But two years ago, when Geni was 14, something changed. A small lesion that had been in her brain since birth began making itself known. One night, she woke up and couldn’t move. She figured she was caught in a moment of sleep paralysis and didn’t give it too much thought.

Things quickly turned far more serious. A few days later, Geni was feeling tired at school and decided to take a nap in her coach’s office. That’s when she had her first full-on seizure.

Geni has no memory of what happened next, but those around her became alarmed as her body shook uncontrollably. A teacher called 911 and the next thing Geni knew, she was in an emergency room.

An MRI revealed nothing, as did visits to pediatricians. But not only did the seizures continue, they were occurring more often. The more severe ones occurred at night, while less noticeable ones were happening many times a day. Ultimately, she was diagnosed with epilepsy, but she wasn’t receiving the expert care she needed at nearby hospitals.

“I remember the day she had her first seizure.
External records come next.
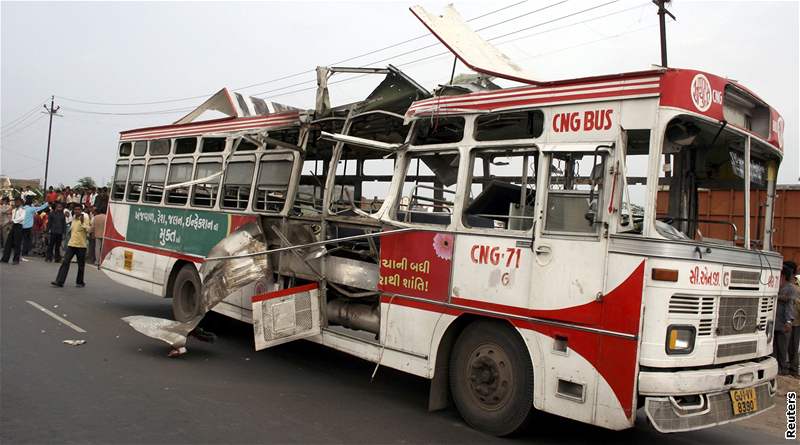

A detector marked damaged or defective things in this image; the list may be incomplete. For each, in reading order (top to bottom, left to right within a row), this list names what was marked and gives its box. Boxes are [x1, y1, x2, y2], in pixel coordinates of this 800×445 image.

broken window [149, 139, 171, 156]
broken window [176, 137, 198, 154]
broken window [202, 136, 227, 153]
broken window [410, 117, 466, 145]
broken window [476, 109, 544, 140]
broken window [111, 161, 129, 199]
broken window [126, 161, 145, 201]
broken window [142, 160, 167, 203]
broken window [164, 160, 192, 205]
broken window [191, 158, 222, 208]
broken window [220, 158, 255, 210]
broken window [253, 153, 294, 212]
broken window [396, 150, 460, 225]
broken window [462, 147, 536, 231]
broken window [548, 151, 604, 234]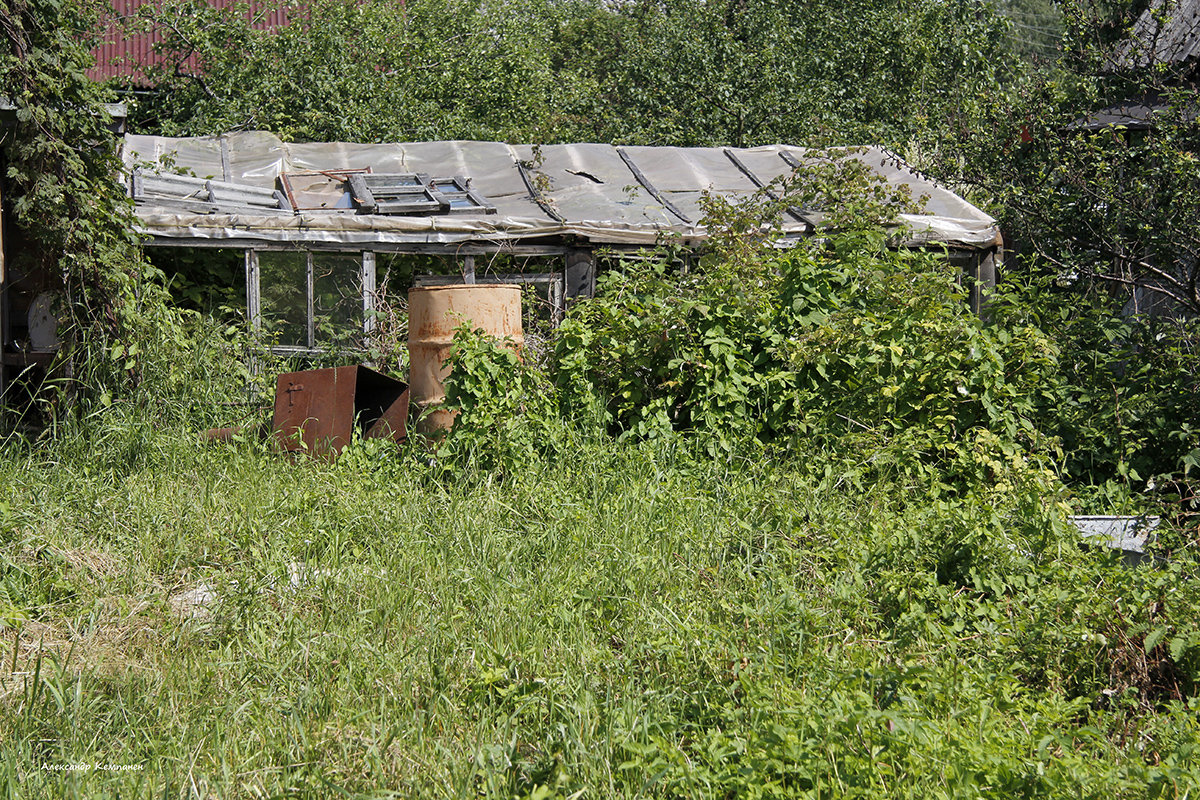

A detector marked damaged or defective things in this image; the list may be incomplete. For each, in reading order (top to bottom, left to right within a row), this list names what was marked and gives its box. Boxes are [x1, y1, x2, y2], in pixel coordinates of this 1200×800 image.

rusted sheet metal [272, 364, 408, 456]
rusted sheet metal [408, 284, 520, 434]
rusty metal barrel [406, 284, 524, 434]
It was December 18,” says Susan Masson, Geni’s mom. “By that January, there were a couple more. It got to be about 15 to 20 a day. We knew we needed to be at CHOC. We needed to be at a place where we could be with an epileptologist.”

The Massons felt lucky to live fairly close to CHOC, home to one of the nation’s premier epilepsy centers for young people. CHOC’s Comprehensive Epilepsy Program was the first in California to be named a Level 4 epilepsy center by the National Association of Epilepsy Centers, the highest level available. That distinction means that CHOC has the professional expertise and facilities to provide the highest level medical and surgical evaluation and treatment for patients with complex epilepsy.
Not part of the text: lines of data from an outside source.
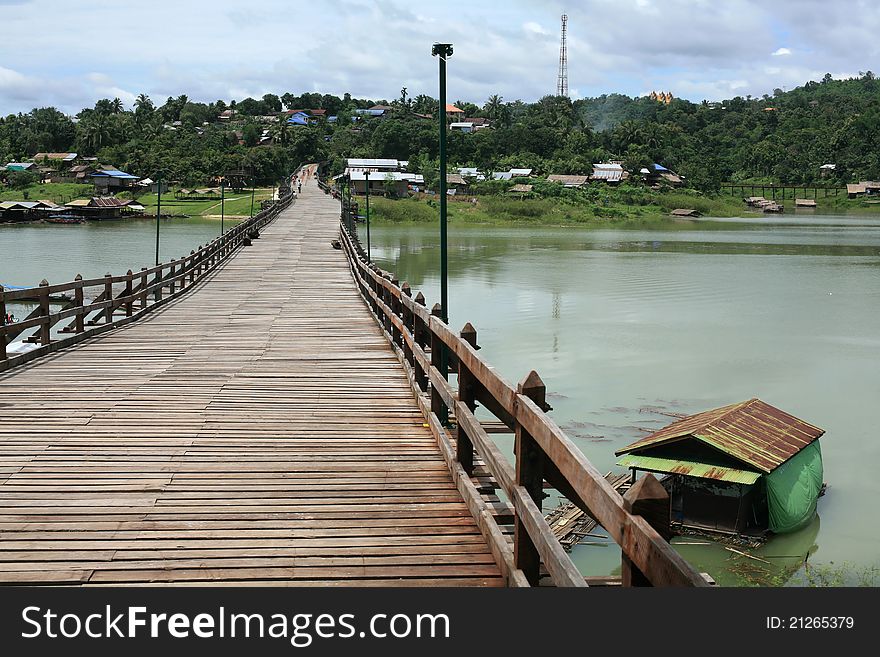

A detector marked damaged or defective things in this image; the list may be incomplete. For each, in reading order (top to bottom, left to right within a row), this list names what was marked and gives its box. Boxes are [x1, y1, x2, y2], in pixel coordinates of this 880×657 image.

rusty roof panel [620, 398, 824, 474]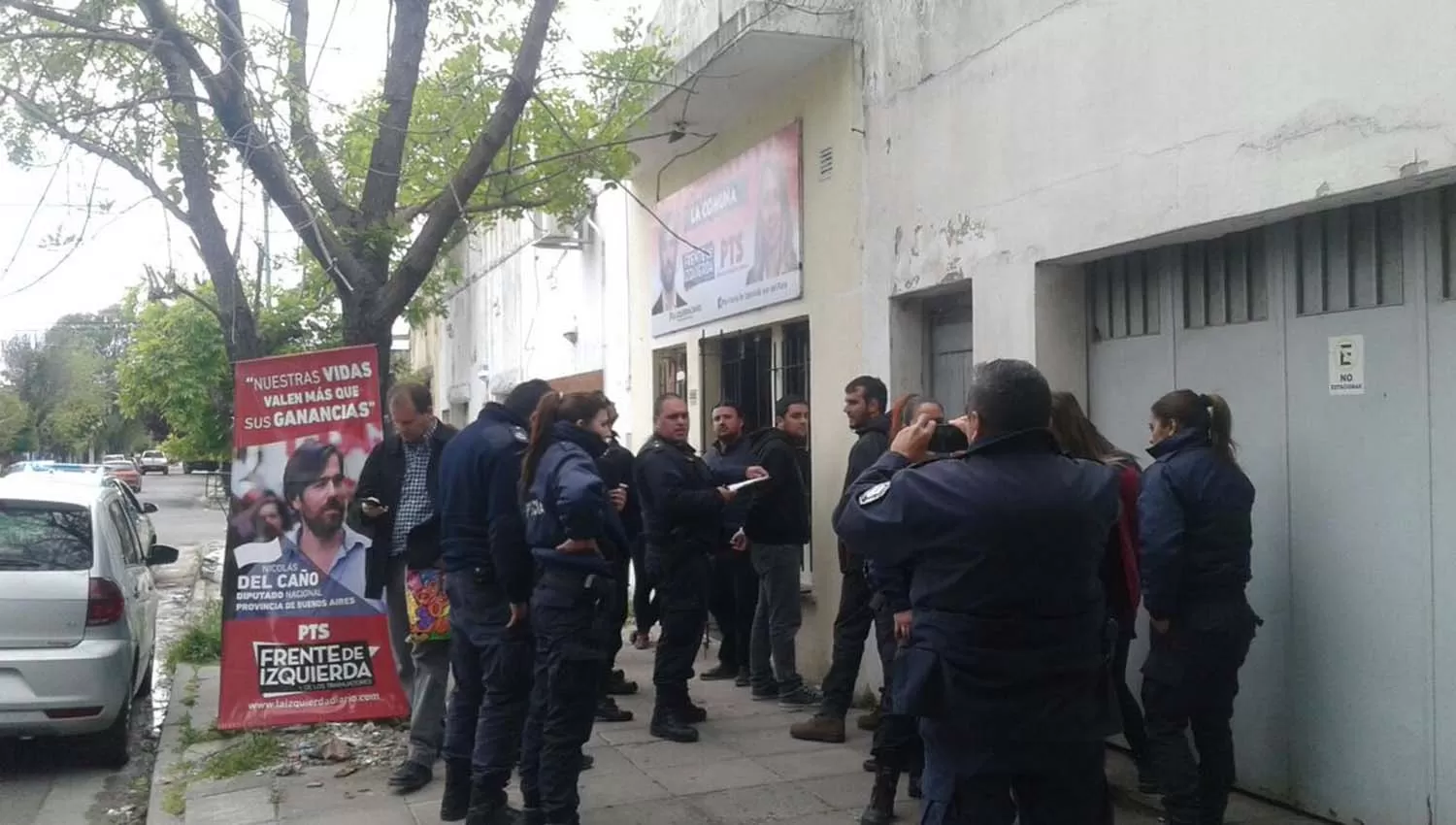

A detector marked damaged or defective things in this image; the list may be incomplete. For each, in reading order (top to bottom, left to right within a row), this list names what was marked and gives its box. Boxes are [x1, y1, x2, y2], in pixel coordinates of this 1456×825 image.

cracked concrete wall [856, 0, 1456, 369]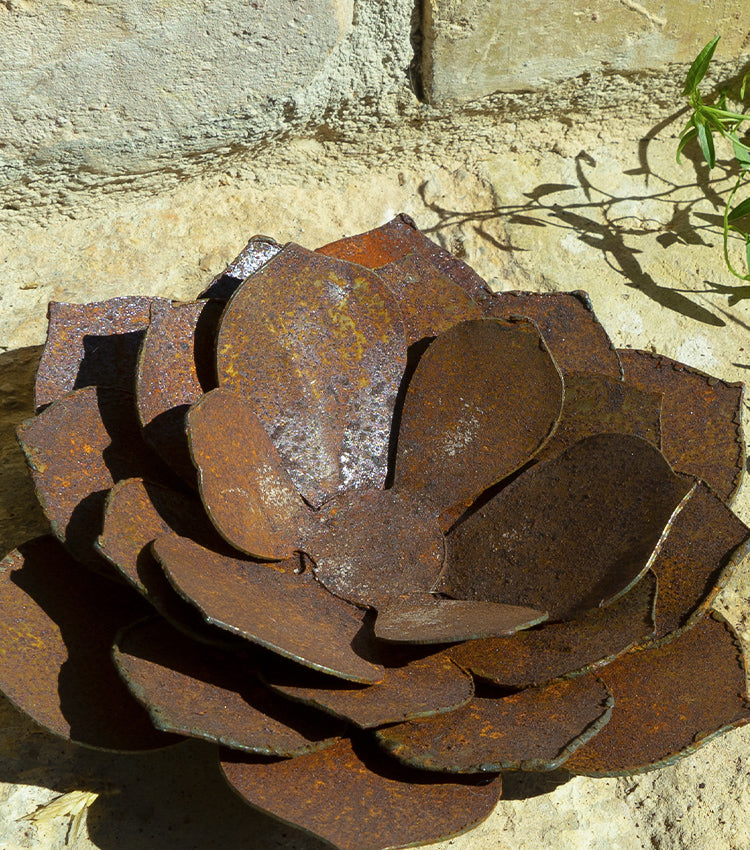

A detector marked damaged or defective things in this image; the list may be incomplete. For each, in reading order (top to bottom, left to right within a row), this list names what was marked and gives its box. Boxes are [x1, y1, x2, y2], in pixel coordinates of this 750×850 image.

rusty metal sculpture [1, 214, 750, 848]
oxidized iron surface [1, 217, 750, 848]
It was at CHOC that the Massons met Dr. Maija-Riikka Steenari. A pediatric neurologist, Dr. Steenari is an epilepsy specialist, also known as an epileptologist.

Dr. Maija Steenari, pediatric epileptologist at CHOC

“It’s a fascinating field,” Dr. Steenari says of pediatric neurology and epilepsy. “The combination of working with brains and kids together is the best fit for me.”

What exactly is epilepsy? Basically, parts of the brain go haywire and emit unwanted electrical signals that can cause convulsions and seizures of varying strength. As Dr. Steenari describes it, it’s “a clump of brain cells that don’t quite work the way they’re supposed to, or a cluster of cells in the wrong place. They’re really irritable. They’re known to cause trouble.”

Epilepsy can be the result of brain injury, stroke or, in Geni’s case, a slight anomaly that was present since birth.

November is National Epilepsy Awareness Month, a time to remind people that epilepsy is both fairly common — nearly 25% of the population will experience recurring seizures in their lifetime — and it’s often treatable.

Like others diagnosed with epilepsy, Geni’s first option was medication. She was prescribed anti-seizure medicines, but they didn’t work.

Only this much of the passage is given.